The game slowing down late also cut down the Celtics’ transition success that drove a significant part of the team’s early offensive success. Boston fell to eighth with 21.3 transition runs per game after Minnesota, scoring a staggering 1.21 PPP (7th) on them while shooting 55.5%. The Wolves and Sixers held the Celtics off the offensive glass, an area Boston dominated (32.6 OREB%, 3rd) until those games (26.1 OREB% last two, 22nd).
In the half court — creating 99.5 points per 100 plays (10th) — they’re down sharply from their 103.4 points per 100 in 22-23. The Celtics spent more time in the half court (78.8% of plays), perhaps part to blame as they seek answers to past problems with new personnel. They haven’t utilized the passing game to do so, though.
This week, Boston fell to 29th in total passes and 25th in assists (23.7 per game), long a staple for the Celtics’ flexible offense (18th in passes, 7th in assists in 2023). Matchup-hunting likely drove that dip, and it led to moments of enormous success through seven games. Boston ranks eighth with 118.1 points per 100 possessions when removing garbage time on Cleaning the Glass. That, too, slid from the top-five before recent losses.
That status also included blowout wins over the Wizards and Pacers, outliers in the small sample size.

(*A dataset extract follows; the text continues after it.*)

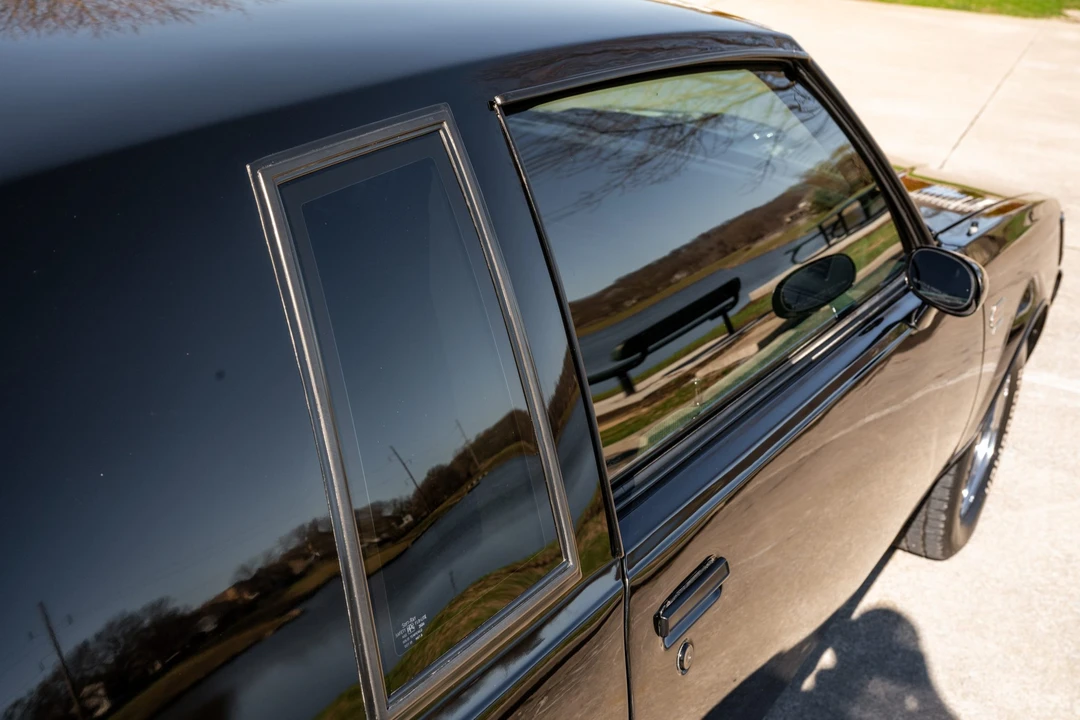 1987 Buick Grand National - Image 24 of 31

Derrick White’s absence for two games pulled in the other direction, eliminating the five-out starting lineup that scored 125.9 points per 100 in their first 72 minutes together (+37.3).
Isolation play often carries a negative connotation and Mazzulla admitted the team was seeking a balance between making an extra pass and aggressively attacking a mismatch in front of them. White’s absence on Monday allowed an opponent to effectively hedge away from bench players like Sam Hauser, Lamar Stevens and others to produce extra pressure against Kristaps Porzingis, Jaylen Brown and Jayson Tatum.
That forced them to make the extra pass they didn’t need last week. It’s the first wake-up call for this group, and a reminder that effortless offensive execution last fall faded into inconsistency by the spring. It’s early and Brooklyn and Toronto provide opportunities to reset after two difficult, defensively-sound opponents exposed some Celtics weaknesses.
Last year, it took much longer into December to begin seeing this group grow stagnant on offense. Monday’s loss looked like some of the scarier moments last year — only one loss, but a reminder that new personnel alone won’t solve connectivity issues. They can, however, create new challenges.
“We’ve played a certain type of way the past couple years,” Brown mentioned in Philadelphia. “We’ve switched up our play style, we’ve had a lot more empty corners, empty-side actions because that’s where our offense is headed. That’s familiarity, we’re used to being in the corner, but we’ve had those corners clear to take away the over-help. It’s been a newer offensive system, play-style adjustment, so that was maybe familiarity from how we played before.”